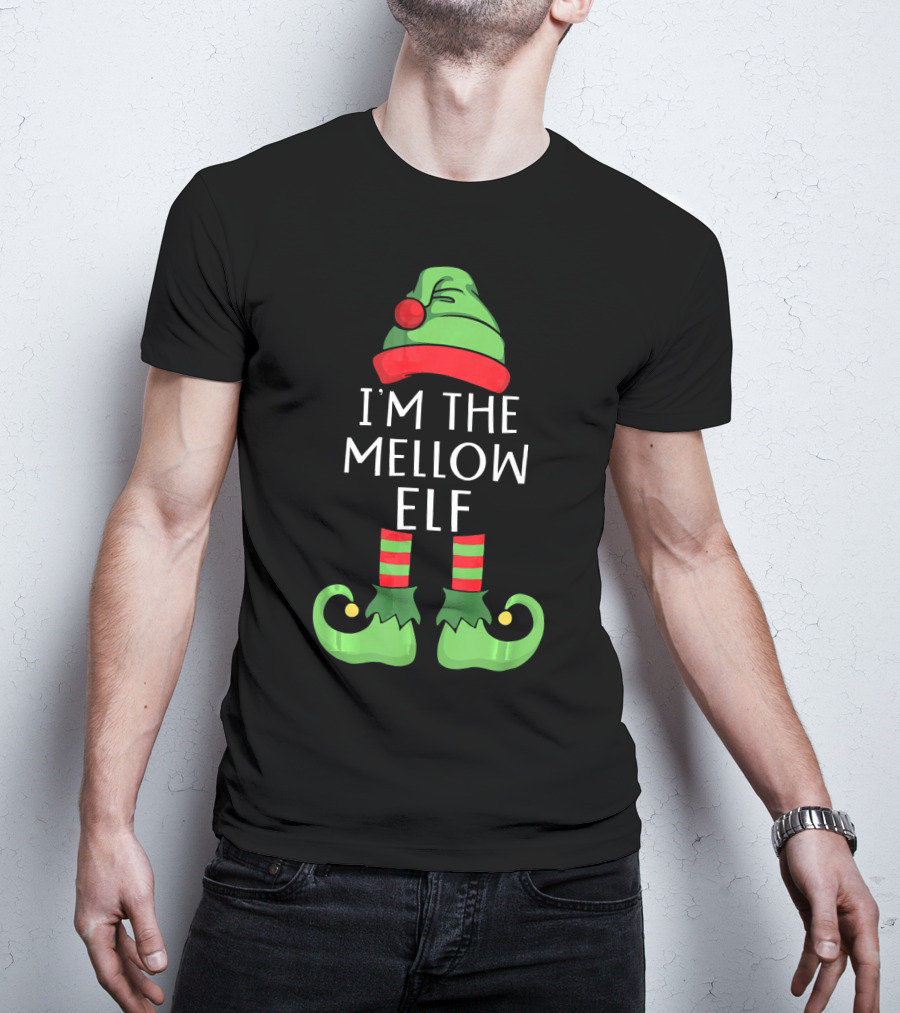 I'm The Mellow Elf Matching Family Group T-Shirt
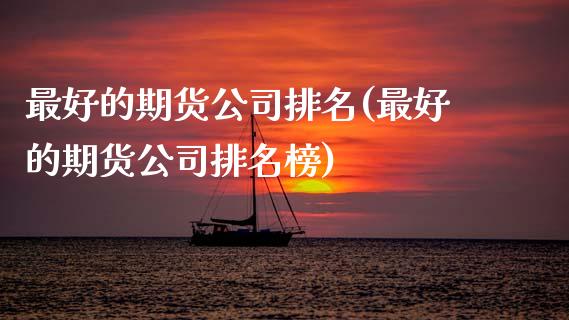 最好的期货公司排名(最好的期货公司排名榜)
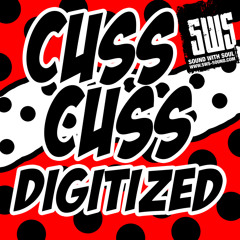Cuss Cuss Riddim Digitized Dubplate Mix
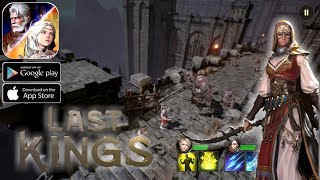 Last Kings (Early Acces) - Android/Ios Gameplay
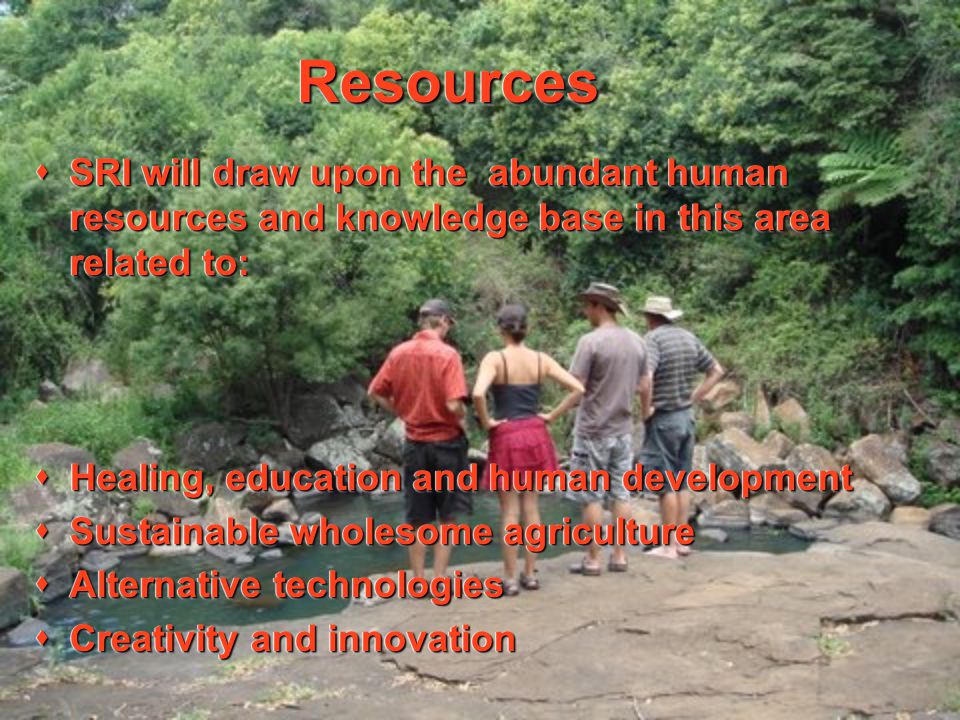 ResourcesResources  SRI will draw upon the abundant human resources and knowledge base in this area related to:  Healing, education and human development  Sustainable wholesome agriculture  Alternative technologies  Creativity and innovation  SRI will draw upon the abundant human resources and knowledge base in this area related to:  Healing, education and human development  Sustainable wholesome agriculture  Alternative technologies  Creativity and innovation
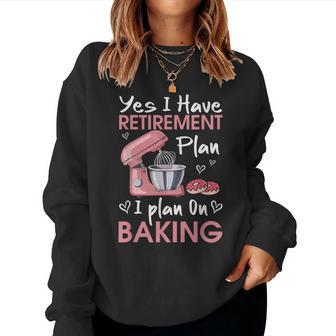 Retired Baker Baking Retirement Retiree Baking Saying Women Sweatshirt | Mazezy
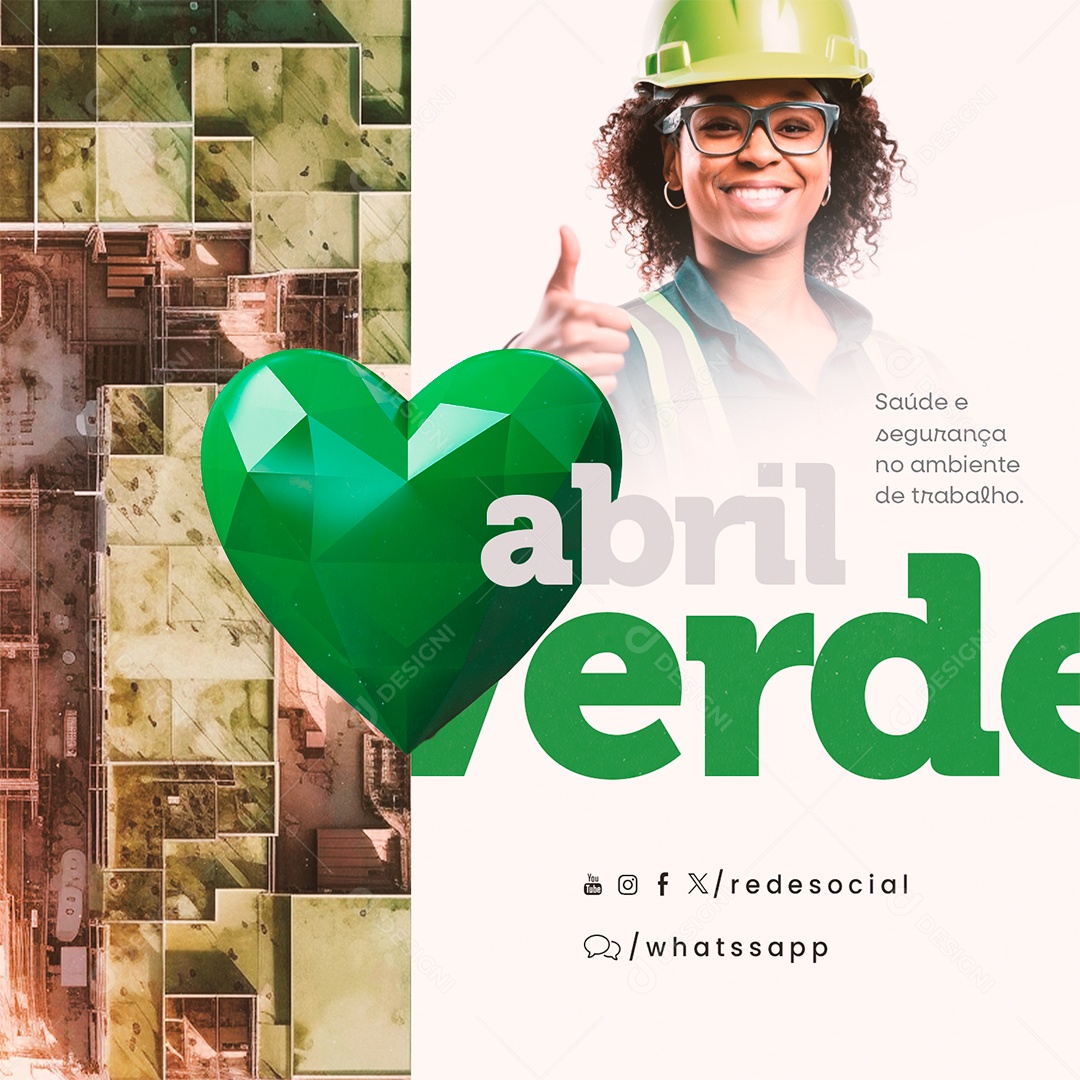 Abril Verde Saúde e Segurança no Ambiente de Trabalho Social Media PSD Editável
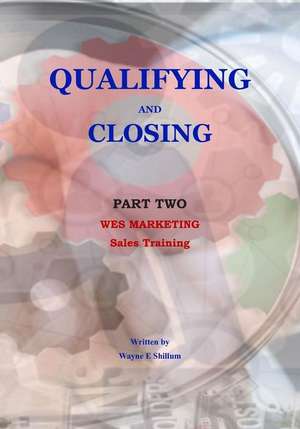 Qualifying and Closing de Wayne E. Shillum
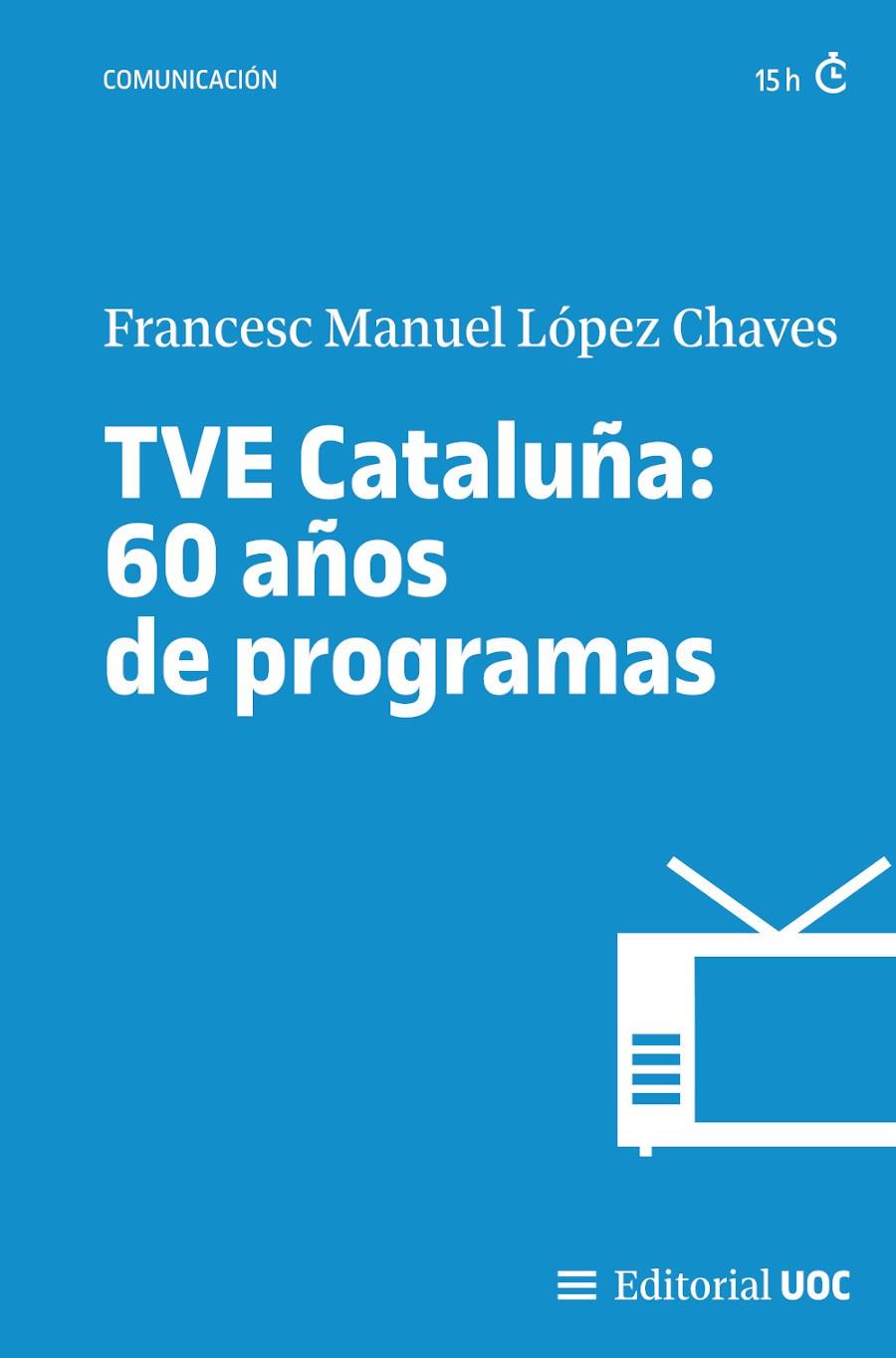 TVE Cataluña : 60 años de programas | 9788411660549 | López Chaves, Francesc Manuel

### Description of the task
Everything from the line holding "Abril Verde Saúde" through the last line of the listing should be written out exactly, except for the pictures.

### Answer for the task
 Abril Verde Saúde e Segurança no Ambiente de Trabalho Social Media PSD Editável
 Qualifying and Closing de Wayne E. Shillum
 TVE Cataluña : 60 años de programas | 9788411660549 | López Chaves, Francesc Manuel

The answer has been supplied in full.